JAKARTA - Komisi Pemberantasan Korupsi (KPK) kekinian mengusut dugaan tindak pidana pencucian uang (TPPU) yang dilakukan Sekretaris Mahkamah Agung (MA) nonaktif Hasbi Hasan. Upaya ini merupakan pengembangan dari kasus suap pengurusan perkara yang sudah dilakukan sebelumnya.
“Kami juga ingin menyiapkan pasal-pasal dari perundang-undangan lain dalam konteks perkara yang menjadi kewenangan KPK, tentu TPPU," kata Kepala Bagian Pemberitaan Fikri kepada wartawan di gedung Merah Putih KPK, Kuningan Persada, Jakarta Selatan, Selasa, 5 Maret.
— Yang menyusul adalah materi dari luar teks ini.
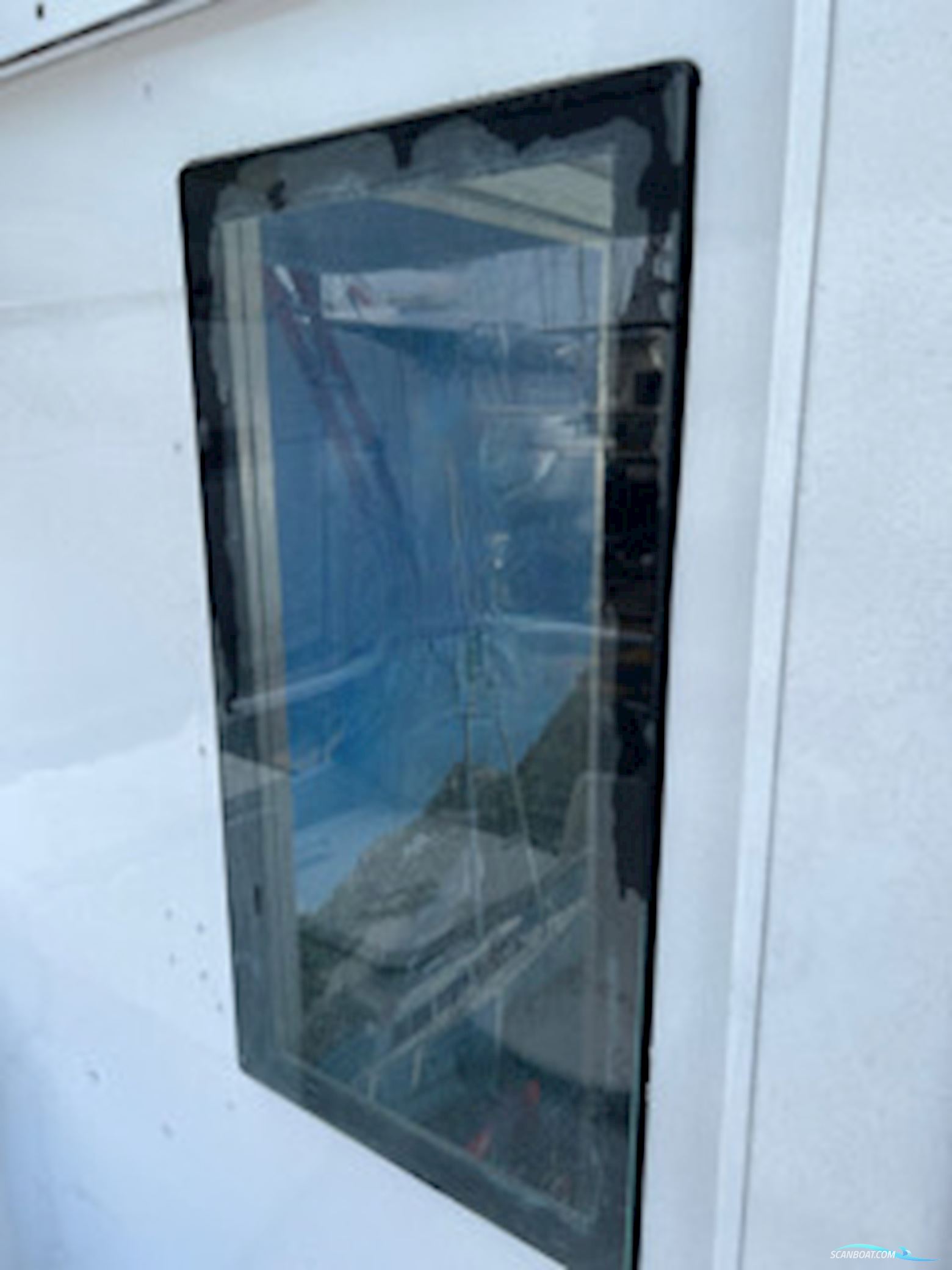 ODC Marine NYAMI 54 Electric passenger boat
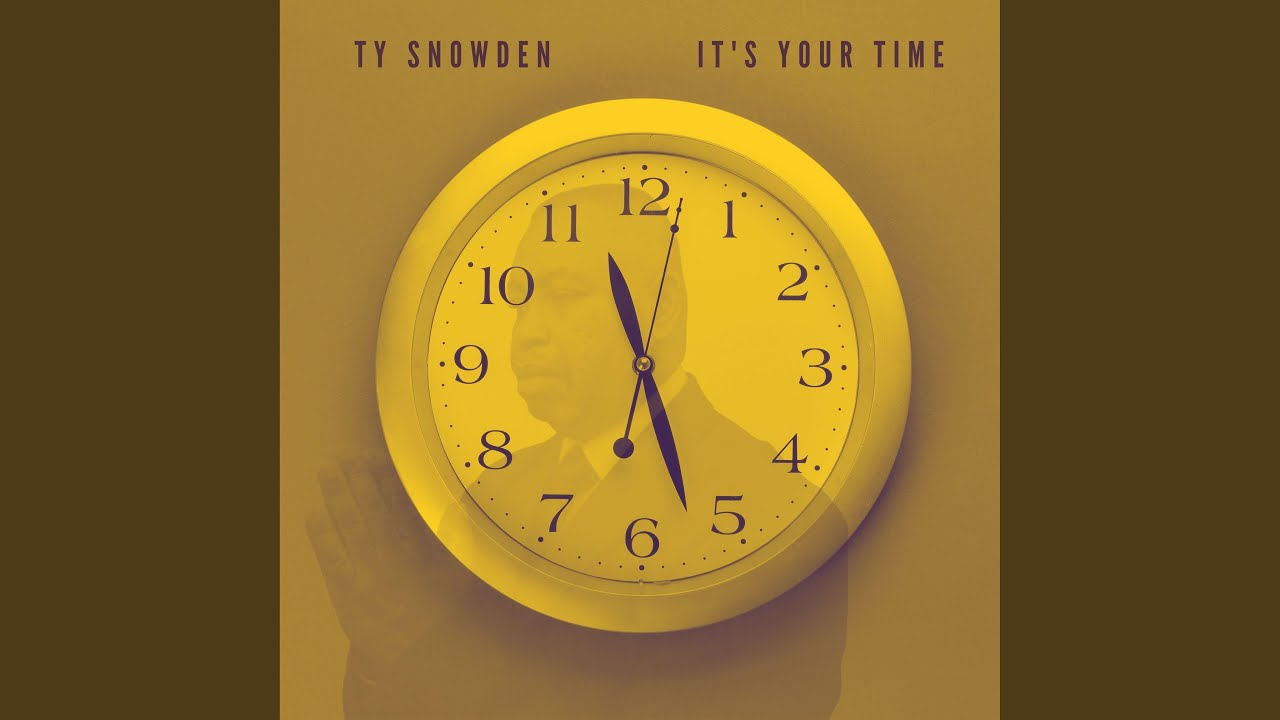 Your Time - YouTube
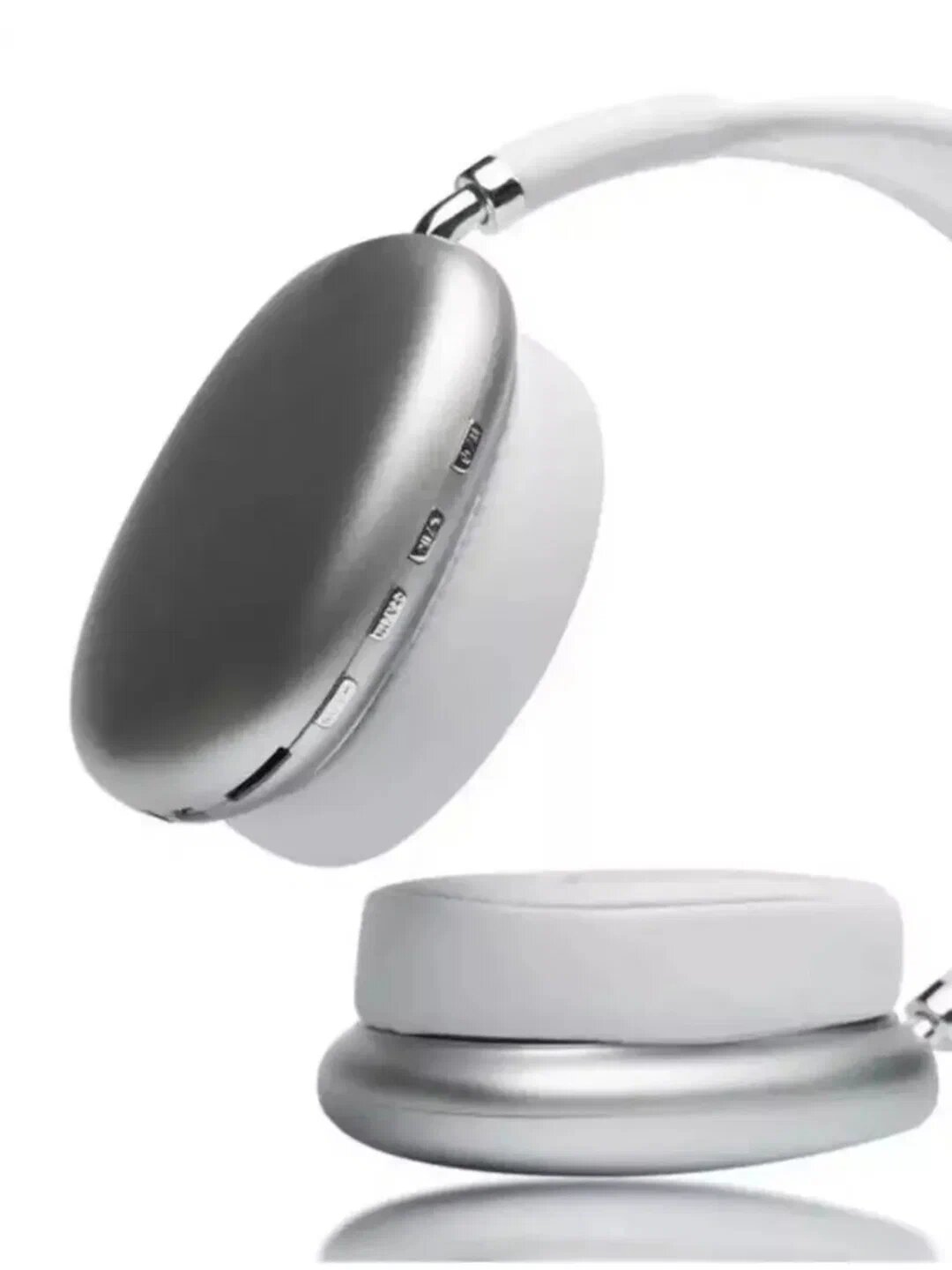 Беспроводные Bluetooth-наушники P9, с микрофоном, полноразмерные — фото 1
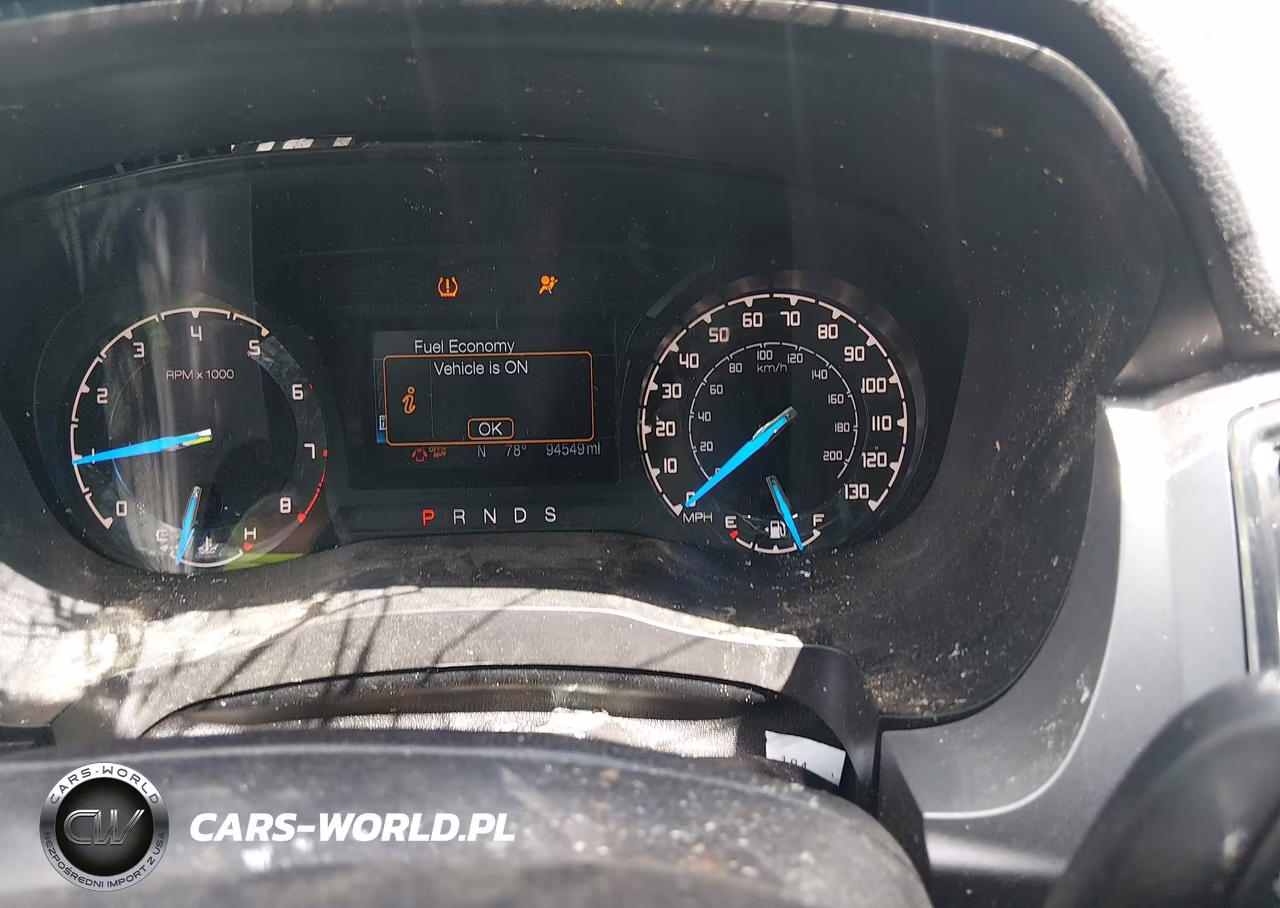 2020 Ford Ranger Xlt VIN:1FTER4FH9LLA60037 - 7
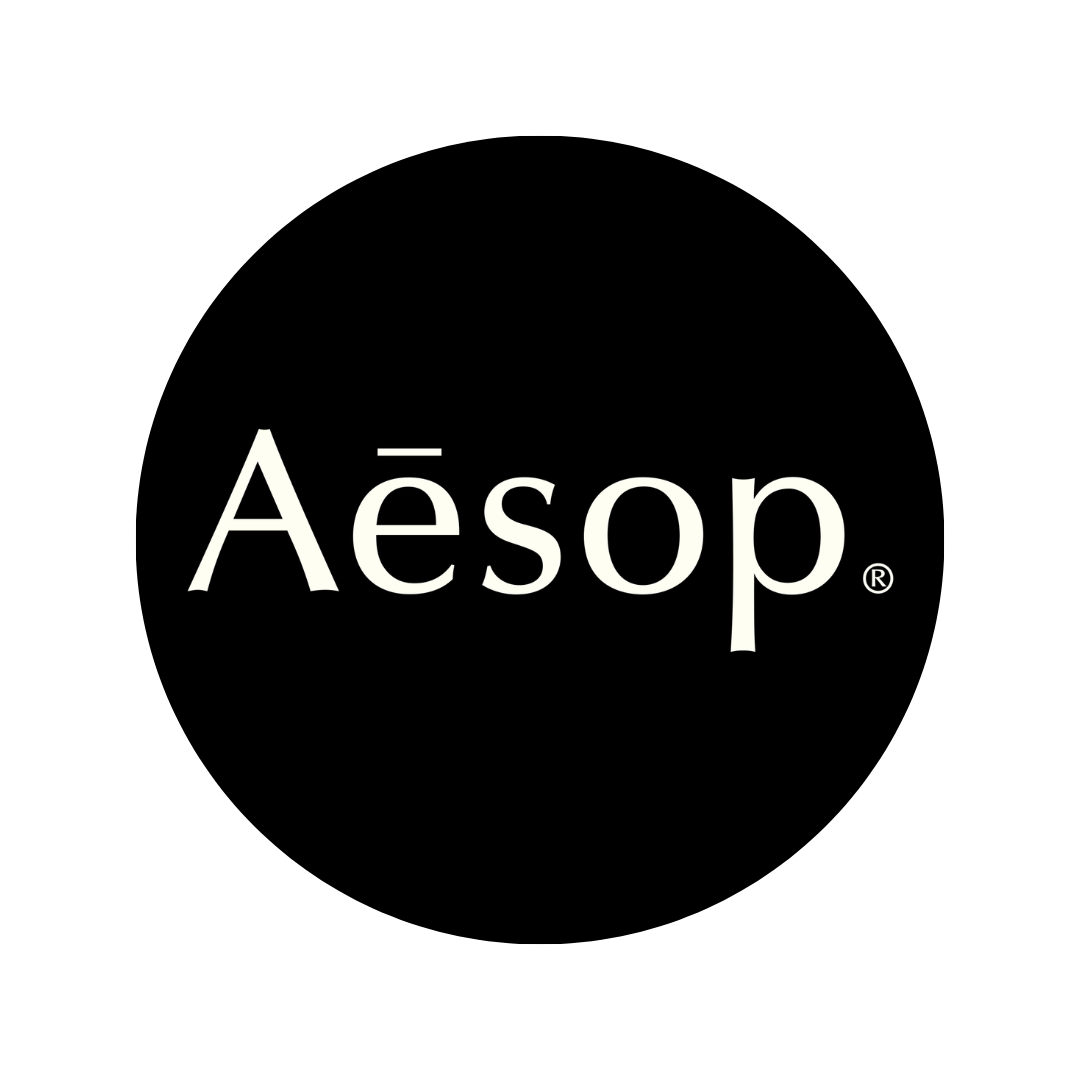 幸福企業-Aesop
Ali menyebut dugaan pencucian uang ditangani sejak awal 2024 tapi belum dirinci siapa saja tersangkanya.
Sementara dari informasi yang dikumpulkan Hasbi kembali jadi tersangka bersama artis Windy Yunita Bestari Usman atau Windy Idol sebagai tersangka dugaan tindak pidana pencucian uang (TPPU).
"Sejak Januari yang lalu KPK juga telah mengembangkan perkara ini ke pasal-pasal tindak pidana pencucian uang," tegasnya.
Selain itu, penyidik juga mengembangkan dugaan pemberian suap untuk perkara lain yang diurusi Hasbi. “Karena tentu perkara yang sudah dilakukan proses penyidikan persidangan itu kan tidak boleh kemudian dilakukan proses yang sama," ujar Ali.
BACA JUGA:
Diberitakan sebelumnya, Sekretaris MA Hasbi Hasan didakwa menerima suap Rp3 miliar yang diantar langsung ke kantornya oleh eks Komisaris PT Wika Beton, Dadan Tri Yudianto. Pemberian ini diberikan untuk membantu Hendry Tanaka memenangkan gugatan kasus kepailitan Koperasi Simpan Pinajam (KSP) di tingkat kasasi.
Adapun yang jadi pihak tergugat adalah Budiman Gandi Suparman. Untuk memuluskan itu, Hendry awalnya minta tolong melalui Dadan yang kemudian disanggupi.
Setelah terjadi komunikasi ada pemberian uang untuk mengurus perkara. Pemberian uang awalnya Rp11,2 miliar dan Rp3 miliar diserahkan kepada Hasbi.
“Atas penarikan uang tersebut selanjutnya sebesar Rp3 miliar dalam pecahan Rp100 ribu oleh Dadan Tri Yudianto dibawa ke kantor Mahkamah Agung," demikian bunyi dakwaan yang dibacakan di Pengadilan Tipikor Jakarta, Selasa, 5 Desember.
Akibat perbuatannya, dia kemudian didakwa melanggar Pasal 12 huruf a atau Pasal 12 huruf b dan/atau Pasal 11 UU Nomor 31 Tahun 1999 tentang Pemberantasan Tindak Pidana Korupsi sebagaimana diubah dengan UU Nomor 20/2001 juncto Pasal 55 ayat (1) ke-1 KUHP.